Vancouver City Council has voted to adopt the Rain City Strategy, which reimagines how the city manages stormwater using green infrastructure.

“As residents of a coastal city in a temperate rainforest, we have a deep connection to water in all its forms,” said Vancouver Mayor Kennedy Stewart. “However, as we grapple with climate change and Vancouver continues to grow in the decades to come, charting a new course for the way we manage rainwater will be vital.”

The Rain City Strategy outlines a series of actions to improve water quality in the natural environment, increase the resilience to climate change, and enhance natural ecosystems in the city.

The city intends to achieve the goals primarily through the expansion of green rainwater infrastructure to absorb and clean rainwater. As part of the plan, city staff have recommended a capital project budget of $1.5 million to support a green infrastructure team and the implementation of a green infrastructure plan.

The Rain City Strategy operates Integrated Stormwater Management Plans for each watershed within Vancouver’s municipal boundaries. There are three watersheds encompassing Vancouver’s drainage, the Still Creek, Musqueam, and greater urban area that drains into the Fraser River.

Presently, Vancouver currently has over 240 green rainwater infrastructure assets in its streets and many more in parks and other public spaces throughout the city. Examples of green rainwater infrastructure throughout the city include:

63rd and Yukon

This public plaza at West 63rd Avenue and Yukon Street uses a rain garden and a bioswale to manage urban rainwater runoff from adjacent streets. The plaza captures, retains, and treats urban rainwater runoff from more than 1,170 square meters of surrounding roads and sidewalks.

Quebec and 1st Ave

Along a new separated bike lane at Quebec and East 1st Avenue, urban rainwater runoff from the surrounding pavement is directed into underground trenches and bioswales for treatment, infiltration, and uptake by plants and street trees.

Blue-green roof pilot at Helena Gutteridge Plaza at City Hall 

This recently-installed demonstration project at 10th Avenue and Yukon below City Hall is designed to help the city better understand the benefits of rainwater capture on four types of roofs: conventional, green, blue, and blue-green.

Wetland at Hinge Park in Southeast False Creek

This rainwater management feature in Hinge park manages 2/3 of the street rainwater runoff from the Olympic Village neighbourhood, while providing rich habitat and biodiversity within the park.

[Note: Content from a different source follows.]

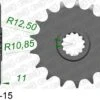 AFAM Tandwiel Voorzijde 15T - 532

Polluted urban rainwater runoff is filtered through the plants and ecology in the wetland to clean it before being discharged in to False Creek.

Rain City Strategy goals

Another key rain city strategy goal that the city has set is to better manage water accumulation during extreme rainfall to reduce flooding and improve water quality, moving toward the city’s overall goal of capturing and treating 90 per cent of Vancouver’s average annual rainfall.

The strategy also sets new design standards for green rainwater infrastructure practices, doubling the minimum volume of rainwater managed through green rainwater infrastructure from 24mm per day to 48mm per day and establishing a target to manage rainwater volume and water quality for 40% of Vancouver’s impervious areas by 2050.

The Rain City Strategy supports Vancouver’s new One Water approach.